Saved data entries
_ _ _ _
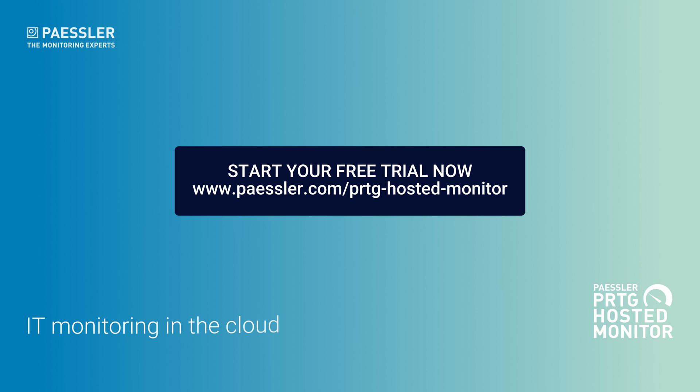So why don't you give it a try and sign up for an instant 10-day free trial and see how our passion can help make your life easier. Paessler PRDG hosted Monitor — IT monitoring in the cloud.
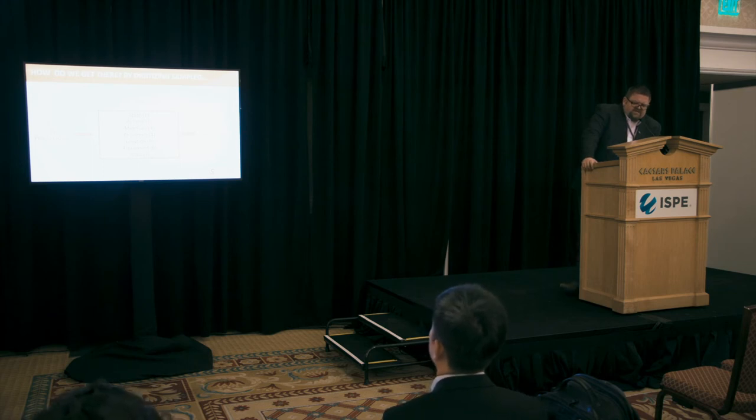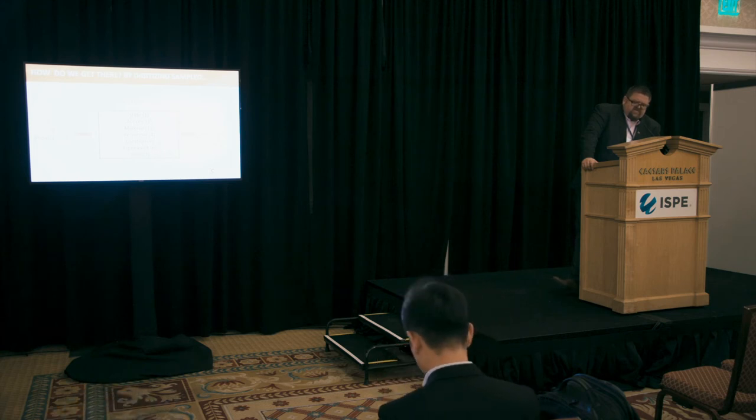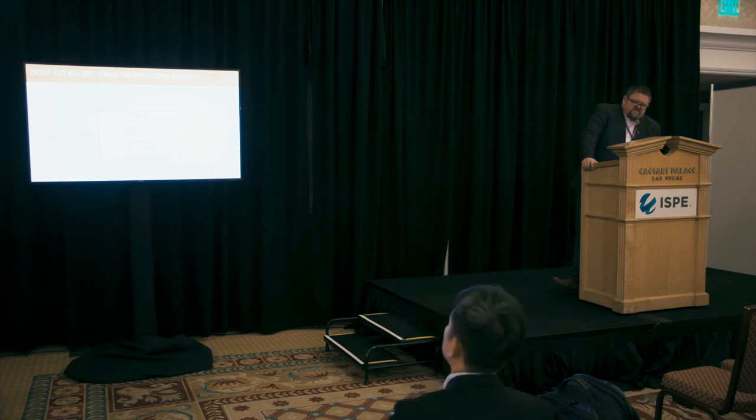We get there by digitizing the SAMPLED acronym: State, Actions, Materials, Personnel, Location, Equipment, and Data. You start with an idea for a therapy, you run it through the lab, and these are the things you consider. In a moment I'll show you how we've digitized that and are able to reproducibly and successfully manage cell culturing.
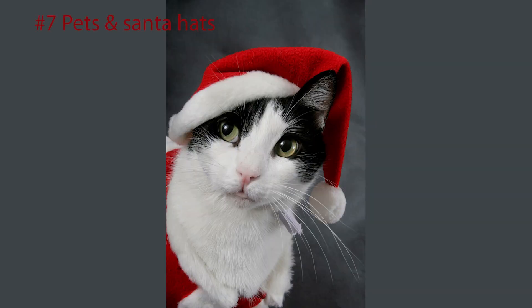Number 7: The reindeer and his friend. If your pets are a big part of your life, get your children and your pets to wear a pair of reindeer antlers and capture a few fun, giggly shots.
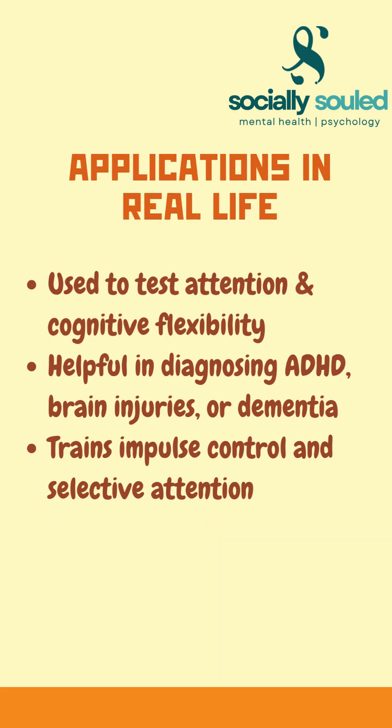Psychologists use this effect to study attention, diagnose ADHD, and even assess brain injuries. It's more than a fun brain teaser — it's a window into how our minds really work. So next time you struggle with a color word, remember: your brain loves shortcuts, but sometimes they trip you up.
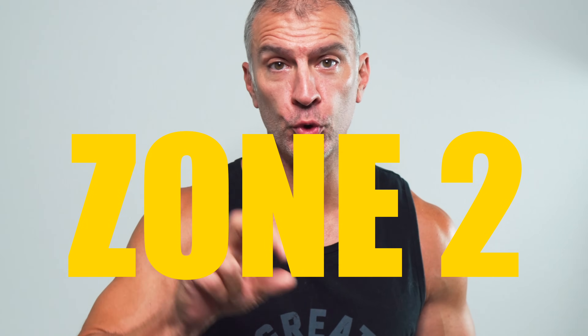In today's video, we're going to dig into Zone 2 training. I've been trying to lose body fat — trying to go from looking like this to where I'm at currently like this. Zone 2 training definitely plays a role and I've got a great question, and we're starting right now.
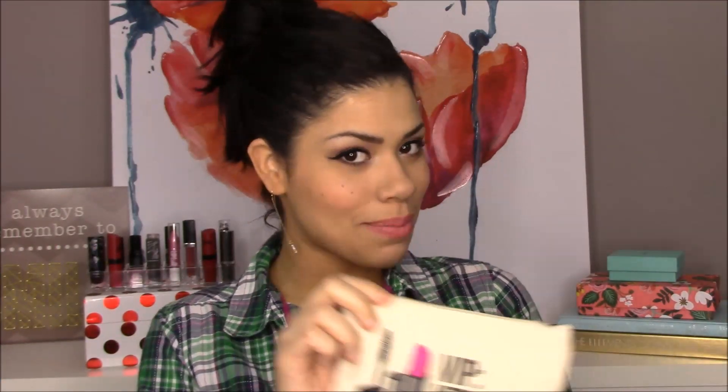Hi guys, welcome to my channel. It is that time of month again — my Ipsy and my Birchbox have arrived, which means it is time for Battle of the Boxes. If you're interested in seeing what I got in my Ipsy and my Birchbox and which one won, please keep watching.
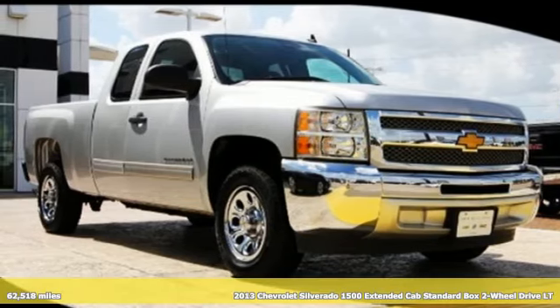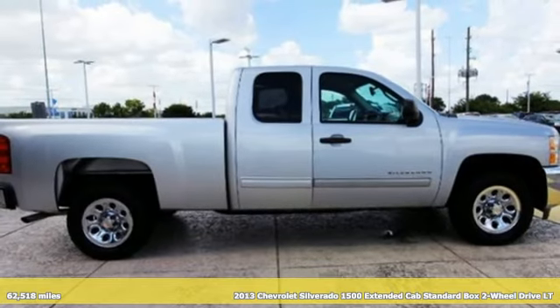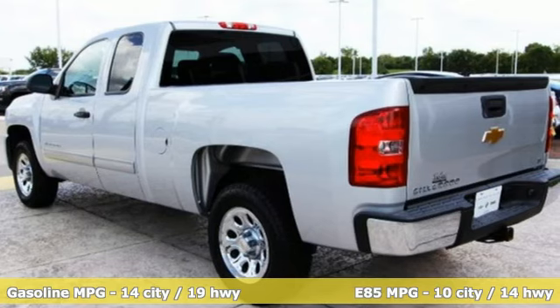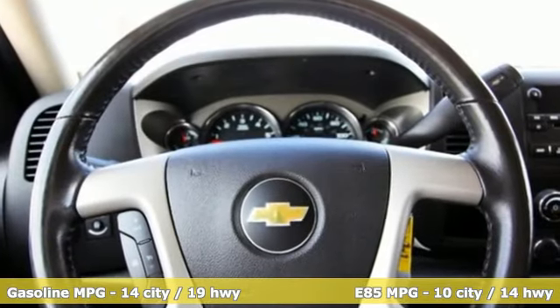Here's a 2013 Chevrolet Silverado 1500. You buy a full-size pickup for its capability, but you still like your amenities. This truck features ice-cold air conditioning, AM-FM stereo, tilt steering wheel, and stability and traction control.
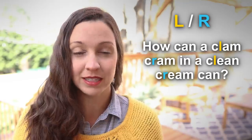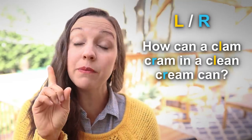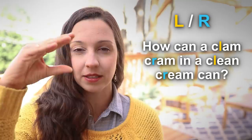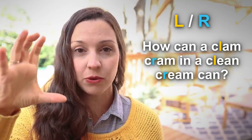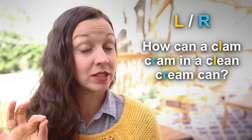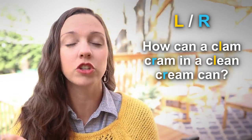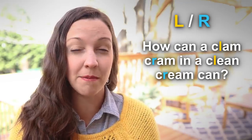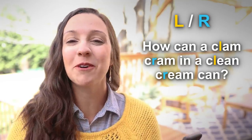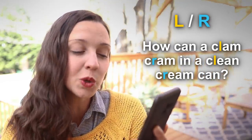Here we have a lot of R and L words — clam, cram. These are called minimal pairs, meaning the words sound almost exactly the same except for one tricky letter, R and L. When we say clam, it's that kind of almost like a muscle — you can open it up, it's a seafood. You can have your tongue between your teeth: clam. And when you say cram, which is like to shove and push something into a small space, you need a strong R sound. Cram. Let's say it one more time: How can a clam cram in a clean cream can?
_ _ _ _
Activity —
Output the data above verbatim, pictures excluded.

Result —
So why don't you give it a try and sign up for an instant 10-day free trial and see how our passion can help make your life easier. Paessler PRDG hosted Monitor — IT monitoring in the cloud.
We get there by digitizing the SAMPLED acronym: State, Actions, Materials, Personnel, Location, Equipment, and Data. You start with an idea for a therapy, you run it through the lab, and these are the things you consider. In a moment I'll show you how we've digitized that and are able to reproducibly and successfully manage cell culturing.
Number 7: The reindeer and his friend. If your pets are a big part of your life, get your children and your pets to wear a pair of reindeer antlers and capture a few fun, giggly shots.
Psychologists use this effect to study attention, diagnose ADHD, and even assess brain injuries. It's more than a fun brain teaser — it's a window into how our minds really work. So next time you struggle with a color word, remember: your brain loves shortcuts, but sometimes they trip you up.
In today's video, we're going to dig into Zone 2 training. I've been trying to lose body fat — trying to go from looking like this to where I'm at currently like this. Zone 2 training definitely plays a role and I've got a great question, and we're starting right now.
Hi guys, welcome to my channel. It is that time of month again — my Ipsy and my Birchbox have arrived, which means it is time for Battle of the Boxes. If you're interested in seeing what I got in my Ipsy and my Birchbox and which one won, please keep watching.
Here's a 2013 Chevrolet Silverado 1500. You buy a full-size pickup for its capability, but you still like your amenities. This truck features ice-cold air conditioning, AM-FM stereo, tilt steering wheel, and stability and traction control.
Here we have a lot of R and L words — clam, cram. These are called minimal pairs, meaning the words sound almost exactly the same except for one tricky letter, R and L. When we say clam, it's that kind of almost like a muscle — you can open it up, it's a seafood. You can have your tongue between your teeth: clam. And when you say cram, which is like to shove and push something into a small space, you need a strong R sound. Cram. Let's say it one more time: How can a clam cram in a clean cream can?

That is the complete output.